Apa perlunya menuding-nuding jika otak dan pikiran sendiri masih belepotan dosa dan salah. Apakah pemeluk agama boleh melotot sesuka hati jika keyakinannya dinistakan. Aku menganggap bodoh pada mereka yang dengan mudah terninabobokkan oleh provokasi-provokasi sinting yang berusaha memecah belah kesatuan dan persatuan dengan mengaitkannya isu SARA, mayoritas minoritas, kebenaran absolut dan kesalahan absolut. Dosa asal dan dosa turunan. Bumi datar, bumi bulat, Mengkafirkan orang yang tidak sepaham dengan kita, memaki- maki dan jijik melihat keyakinan yang berbeda.

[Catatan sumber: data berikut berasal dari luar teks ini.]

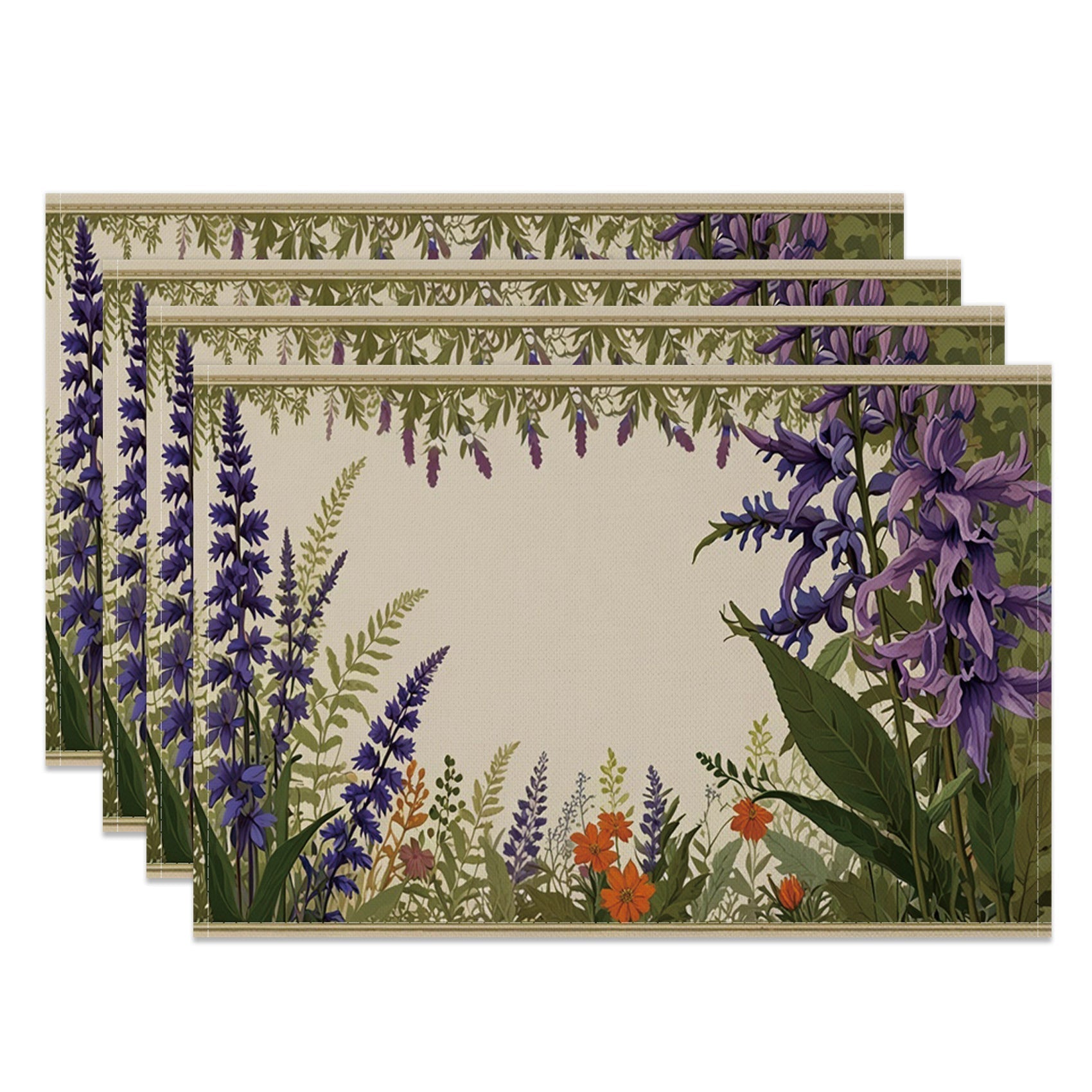 Aperturee - Aperturee Vintage Painted Wildflower Plant Set Of 4 Placemats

Apa salahnya perbedaan, apa salahnya wajah yang tidak pernah sama antara manusia satu dengan lainnya, apa salahnya selalu ada musuh dan sahabat. Apa salahnya kesunyian jika doa harus selalu teriak-teriak dan memaki-maki.

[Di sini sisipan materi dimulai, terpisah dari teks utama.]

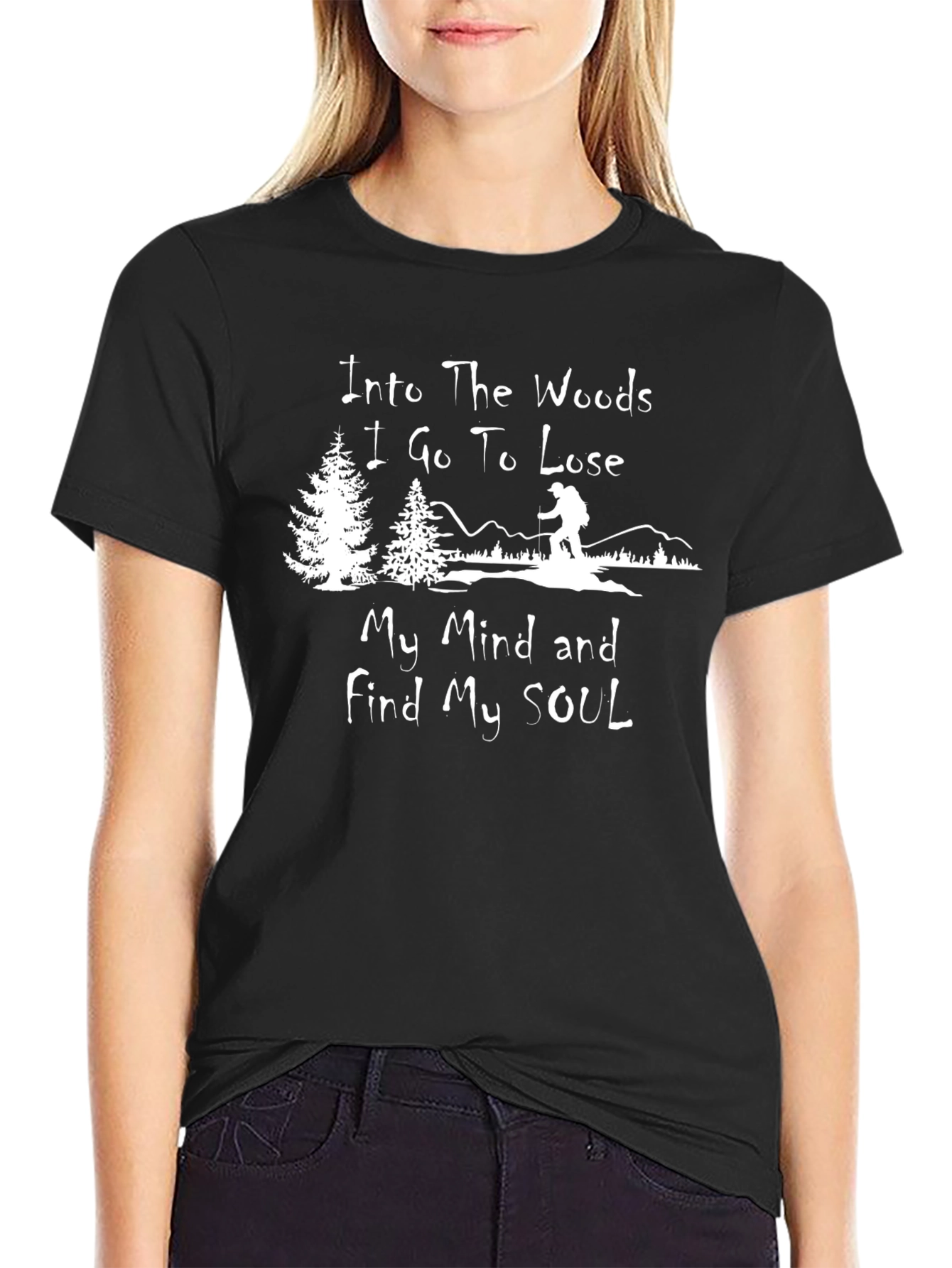 Into The Woods Black Graphic T-Shirt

Manusia senang mengadu keyakinan, riang gembira saat bisa menjebak seseorang tertangkap basah sedang menista agama, tidak sadar bahwa dirinya sendiri sering melecehkan agama dan Tuhan. Yakin tidak pernah berbuat salah, yakin selalu benar dalam menjalankan ibadah.

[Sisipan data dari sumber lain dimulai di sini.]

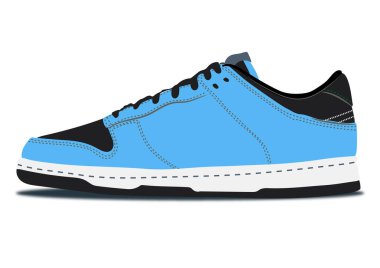  Mavi ve siyah Sneakers ayakkabılarının vektör çizimi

Maaf, saya tidak pintar berdebat masalah ayat-ayat suci. Saya hanya berdoa berdasarkan kata hati saya, berbincang saat sunyi, menenangkan diri saat sepi. Saya berdialog, bercanda dengan Tuhan karena ia dekat dan sangat dekat.Cuma saya bingung kenapa kini Tuhan menjadi tenar hanya untuk kontestasi PILKADA, di pusat kota yang katanya orang-orangnya cerdas dan rasional. Tapi begitu primitif menggiring Tuhan untuk dilibatkan masalah politik. Hehhhhhhh!
Keyakinan dan suara Hati Nurani
Keyakinan, apapun yang terjadi itu adalah masalah manusia dengan Tuhan, tapi kenapa manusia menjadi lupa bahwa yang ada di dunia ini diciptakan Tuhan tidak ada yang sama bahkan orang kembarpun tetap berbeda, sekalipun dikloning, siapa yang bisa menjamin otak dan pikiran manusia akan sama. Jadi menurut saya yang masih penuh dosa dan berlumur kesalahan ini. Mari belajar memahami perbedaan. Bersama-sama introspeksi, belajar memahami diri sendiri, belajar menikmati sambil berdoa. Ya Tuhan, Maafkan kami yang telah menggiring-Mu dalam jurang perbedaan pemikiran .
Ternyata kami adalah debu yang masih berhamburan yang tidak layak menyebut kebesaran kuasa - Mu. Kami masih laknat, bangsat yang sok mengaku besar tapi terhimpit sela-sela kasur. Tuhan tidak tidur, tidak tuli, tidak buta. Ia melihat, ia mendengar,merasakan meskipun manusia berbisik tanpa kata. Manusia berdosa juga mengerti penyesalan terbesar adalah saat mengabaikan suara hati, suara nurani, sebab di situlah manusia bisa berdialog dengan Tuhan dengan tulus tanpa dibumbui dengan nafsu duniawi apalagi hasrat politik yang menggelegak.
Selamat Paskah, Selamat Memilih pemimpin Jakarta sesuai hati nuranimu.